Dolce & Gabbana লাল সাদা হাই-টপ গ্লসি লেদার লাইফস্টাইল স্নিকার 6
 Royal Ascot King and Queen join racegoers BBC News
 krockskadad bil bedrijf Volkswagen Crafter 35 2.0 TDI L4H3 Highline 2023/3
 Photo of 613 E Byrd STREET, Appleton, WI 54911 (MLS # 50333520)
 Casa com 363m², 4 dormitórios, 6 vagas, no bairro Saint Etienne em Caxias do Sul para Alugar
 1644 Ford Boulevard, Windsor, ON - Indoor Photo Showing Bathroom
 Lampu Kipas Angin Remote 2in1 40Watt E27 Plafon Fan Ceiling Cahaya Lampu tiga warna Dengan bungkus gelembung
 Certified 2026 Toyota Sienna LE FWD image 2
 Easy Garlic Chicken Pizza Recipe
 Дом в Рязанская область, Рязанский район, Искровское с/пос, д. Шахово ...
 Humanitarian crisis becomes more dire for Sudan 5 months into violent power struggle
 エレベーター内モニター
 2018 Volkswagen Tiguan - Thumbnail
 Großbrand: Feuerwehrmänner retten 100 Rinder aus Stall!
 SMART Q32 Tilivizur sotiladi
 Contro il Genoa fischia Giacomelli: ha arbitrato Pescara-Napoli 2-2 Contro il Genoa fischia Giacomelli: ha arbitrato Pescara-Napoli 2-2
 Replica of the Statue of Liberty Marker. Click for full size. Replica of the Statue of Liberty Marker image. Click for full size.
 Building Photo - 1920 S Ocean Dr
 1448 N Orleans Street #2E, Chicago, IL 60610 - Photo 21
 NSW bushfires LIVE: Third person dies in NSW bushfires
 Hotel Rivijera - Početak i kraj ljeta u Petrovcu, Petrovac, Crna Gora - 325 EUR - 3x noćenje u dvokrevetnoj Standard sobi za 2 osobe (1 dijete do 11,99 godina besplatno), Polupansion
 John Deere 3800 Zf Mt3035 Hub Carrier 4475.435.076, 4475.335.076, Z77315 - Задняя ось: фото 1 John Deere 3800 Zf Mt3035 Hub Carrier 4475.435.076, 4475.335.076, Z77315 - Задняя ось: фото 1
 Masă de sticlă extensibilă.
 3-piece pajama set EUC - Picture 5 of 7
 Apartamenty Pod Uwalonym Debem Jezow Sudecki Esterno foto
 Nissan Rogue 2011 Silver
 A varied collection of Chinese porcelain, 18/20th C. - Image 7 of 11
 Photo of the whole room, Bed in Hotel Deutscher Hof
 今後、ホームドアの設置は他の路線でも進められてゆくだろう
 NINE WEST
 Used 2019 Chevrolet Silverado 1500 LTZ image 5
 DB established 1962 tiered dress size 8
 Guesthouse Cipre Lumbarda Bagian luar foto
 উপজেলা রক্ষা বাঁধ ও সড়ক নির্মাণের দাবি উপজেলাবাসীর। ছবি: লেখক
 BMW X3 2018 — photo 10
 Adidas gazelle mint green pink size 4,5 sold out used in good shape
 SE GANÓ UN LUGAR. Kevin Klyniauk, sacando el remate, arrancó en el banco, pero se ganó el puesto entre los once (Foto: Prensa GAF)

· · · ·

Looking through the data above, copy out each line in which the string "size" occurs.

 Replica of the Statue of Liberty Marker. Click for full size. Replica of the Statue of Liberty Marker image. Click for full size.
 DB established 1962 tiered dress size 8
 Adidas gazelle mint green pink size 4,5 sold out used in good shape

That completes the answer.